SIOUX FALLS, S.D. (KELO) — There is an economic risk to the state if the South Dakota Legislature passes HB1057 that makes it a crime for medical professionals to do surgery or provide treatment that alters the gender or slows the puberty of a child younger than 16, said David Owen, the president and lobbyist for the South Dakota Chamber of Commerce and Industry.

The state could lose businesses who may want to expand or locate in South Dakota because they do not agree with the law, Owen said.

“This is too big to ignore,” Owen said. He’s already receiving telephone calls from economic professionals asking him ‘What is South Dakota trying to do?’ We’re talking about the substantial threat of economic loss.”

Supporters of the bill say it protects minor children and families. Opponents say the bill damages the relationship between families and their medical providers and can damage youth who are transgender or who are questioning their gender.

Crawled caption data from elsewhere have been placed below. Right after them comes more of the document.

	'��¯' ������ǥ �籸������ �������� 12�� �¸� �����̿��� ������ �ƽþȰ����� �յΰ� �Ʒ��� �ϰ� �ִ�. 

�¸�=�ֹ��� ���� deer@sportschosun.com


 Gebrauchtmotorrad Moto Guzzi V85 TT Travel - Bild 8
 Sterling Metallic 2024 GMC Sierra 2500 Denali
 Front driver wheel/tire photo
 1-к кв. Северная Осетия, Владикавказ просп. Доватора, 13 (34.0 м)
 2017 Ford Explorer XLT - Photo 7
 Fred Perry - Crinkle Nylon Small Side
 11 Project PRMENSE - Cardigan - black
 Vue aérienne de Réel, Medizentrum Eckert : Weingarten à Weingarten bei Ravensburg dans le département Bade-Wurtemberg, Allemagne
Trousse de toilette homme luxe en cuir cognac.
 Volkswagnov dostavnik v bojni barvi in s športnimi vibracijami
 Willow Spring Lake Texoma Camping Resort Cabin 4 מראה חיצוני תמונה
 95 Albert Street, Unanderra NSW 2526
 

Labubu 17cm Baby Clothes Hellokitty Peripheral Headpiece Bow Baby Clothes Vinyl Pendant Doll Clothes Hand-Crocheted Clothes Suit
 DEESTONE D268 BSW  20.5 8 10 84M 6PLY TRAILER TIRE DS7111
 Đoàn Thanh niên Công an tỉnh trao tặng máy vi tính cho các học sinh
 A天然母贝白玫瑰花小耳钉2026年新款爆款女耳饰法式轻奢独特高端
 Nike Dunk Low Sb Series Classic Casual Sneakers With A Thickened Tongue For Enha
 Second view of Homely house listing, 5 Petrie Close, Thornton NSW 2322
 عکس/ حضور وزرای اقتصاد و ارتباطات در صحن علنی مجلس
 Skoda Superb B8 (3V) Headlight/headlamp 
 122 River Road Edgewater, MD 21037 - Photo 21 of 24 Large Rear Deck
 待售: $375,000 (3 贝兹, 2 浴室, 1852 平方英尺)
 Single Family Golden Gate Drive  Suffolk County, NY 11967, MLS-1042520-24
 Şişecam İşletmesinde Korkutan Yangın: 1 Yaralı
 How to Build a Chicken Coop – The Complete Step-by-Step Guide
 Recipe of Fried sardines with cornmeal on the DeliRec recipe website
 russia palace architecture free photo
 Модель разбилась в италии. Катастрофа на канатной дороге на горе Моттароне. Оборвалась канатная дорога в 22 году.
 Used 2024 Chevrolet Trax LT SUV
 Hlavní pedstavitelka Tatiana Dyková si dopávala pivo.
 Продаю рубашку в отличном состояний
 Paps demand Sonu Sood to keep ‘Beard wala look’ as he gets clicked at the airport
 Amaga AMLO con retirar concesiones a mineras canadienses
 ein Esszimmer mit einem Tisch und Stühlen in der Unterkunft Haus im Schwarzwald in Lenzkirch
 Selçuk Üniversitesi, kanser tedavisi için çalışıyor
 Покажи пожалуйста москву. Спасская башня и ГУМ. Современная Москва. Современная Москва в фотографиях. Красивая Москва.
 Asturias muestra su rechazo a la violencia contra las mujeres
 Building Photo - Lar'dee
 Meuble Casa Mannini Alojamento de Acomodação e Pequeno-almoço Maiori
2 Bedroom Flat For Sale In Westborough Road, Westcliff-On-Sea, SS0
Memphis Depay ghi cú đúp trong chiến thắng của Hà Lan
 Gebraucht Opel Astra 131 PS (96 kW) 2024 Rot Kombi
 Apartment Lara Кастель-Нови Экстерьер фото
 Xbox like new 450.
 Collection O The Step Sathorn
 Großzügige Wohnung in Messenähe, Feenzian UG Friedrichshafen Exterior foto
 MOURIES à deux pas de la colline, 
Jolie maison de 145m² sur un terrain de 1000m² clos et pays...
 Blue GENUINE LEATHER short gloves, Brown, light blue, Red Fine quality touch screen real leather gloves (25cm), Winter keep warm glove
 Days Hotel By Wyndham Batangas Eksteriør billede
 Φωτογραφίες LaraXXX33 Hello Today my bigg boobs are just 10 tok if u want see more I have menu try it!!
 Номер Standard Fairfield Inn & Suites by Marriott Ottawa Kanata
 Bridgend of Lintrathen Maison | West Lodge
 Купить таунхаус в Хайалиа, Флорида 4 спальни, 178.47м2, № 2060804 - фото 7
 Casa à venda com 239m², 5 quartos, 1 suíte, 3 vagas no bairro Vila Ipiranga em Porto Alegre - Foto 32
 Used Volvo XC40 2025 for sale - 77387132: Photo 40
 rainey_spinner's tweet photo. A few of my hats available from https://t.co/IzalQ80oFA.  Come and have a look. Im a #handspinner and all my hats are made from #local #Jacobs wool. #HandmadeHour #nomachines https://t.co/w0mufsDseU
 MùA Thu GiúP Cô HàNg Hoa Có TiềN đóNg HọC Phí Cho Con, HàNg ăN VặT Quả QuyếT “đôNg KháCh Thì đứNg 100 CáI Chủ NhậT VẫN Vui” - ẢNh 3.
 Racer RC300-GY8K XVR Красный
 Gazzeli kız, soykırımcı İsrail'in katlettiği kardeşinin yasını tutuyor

Owen described the proposed law as Draconian and bad for business.

“We learned from North Carolina,” Owen said of North Carolina’s HB2 which prohibited transgender people from using a public restroom that correlates with their identified gender.

HB2 passed in March of 2016 but was partially rescinded by the North Carolina Legislature in 2017.

The economic fallout started almost immediately after the North Carolina Legislature passed HB2. The NCAA announced that absent any changes, the state would not be a site for championship events from 2018 to 2022. Several companies, such as PayPal, canceled plans to locate or expand in the state. A list of entertainers canceled concerts.

Thomas Lee, the director of the South Falls Sports Authority, worked in Charlotte, North Carolina, during the roughly 18 months of HB2. The Sioux Falls Sports Authority is the host of the Summit League’s men’s and women’s basketball league tournament each year.

“We lost a lot,” Lee said of the economic impact of HB2. Lee was the director of sports development for the Charlotte Regional Visitors Authority.

The city and the state lost sporting events such as the NBA All-Star game in 2017 because of HB2, Lee said.

Ironically, Lee was working for the city that had passed a city ordinance that stated transgender people could use the public restroom of the gender they identified with.

“We’re the ones that started it (inclusiveness for transgender people),” Lee said. But, the organization understood the reasons sports groups withdrew from events in North Carolina, Lee said.

Lee said there is a slight difference between HB2 and HB1057.

From a sports perspective, the NCAA and NBA pointed out that HB2’s language had a negative impact on athletes and fans, Lee said.

HB107 in South Dakota does not have similar language because it focuses on medical professionals, medical procedures, children and families and not public use of restrooms, he said.

As of now, HB107 does not effect bids for submitted to the NCAA for sporting events, Lee said.

That’s different from bills proposed in South Dakota in 2016 and 2018 that restricted bathroom use by transgender people and placed regulations on high school sports teams. Lee said the Sioux Falls Sports Authority had concerns related to sports in 2016 and 2018 because those bills involved public restroom and public school locker room use and the potential for discrimination.

Lee said while there are differences in North Carolina’s HB2 and the South Dakota proposals, it’s important to remember that all could negatively impact people, including adults and children.

“We don’t want to discriminate against anyone,” Lee said.

Owen is concerned about the potential to lose sports tournaments, entertainment and business losses in general.

National firms that have a presence in South Dakota will be concerned because their employment policies are inclusive and HB107 does not appear to be inclusive, Owen said. Those firms could withdraw investments in the state or choose not to expand, he said.

Some supporters of HB1057 have said during the legislative process that North Carolina did not experience any negative economic impacts because of HB2, Owen said.

Owen and Lee disagree with that belief.

Lee said while North Carolina’s tourism figures may have increased during HB2, “it was not as much as it would have been (without it). (Figures) didn’t keep up with the trends of previous years.”

An analysis by the Williams Institute and Out Leadership in May of 2016 said North Carolina had already lost more than $40 million in business investment that withdrew from the state. The state was also risking the loss $4.7 billion in funding for state public schools, colleges and universities.

On March 30, 2017, the Associated Press said the state could have lost $3.76 billion over a dozen years. The AP analyzed public documents and conducted interviews to track businesses that chose to not invest in the state because of HB2 and the loss of sports tournaments and other losses attributed in documents or interviews to HB2.

Although North Carolina’s economy was growing during the lifespan of HB2, it could have grown at a greater pace without HB2, the AP analysis said.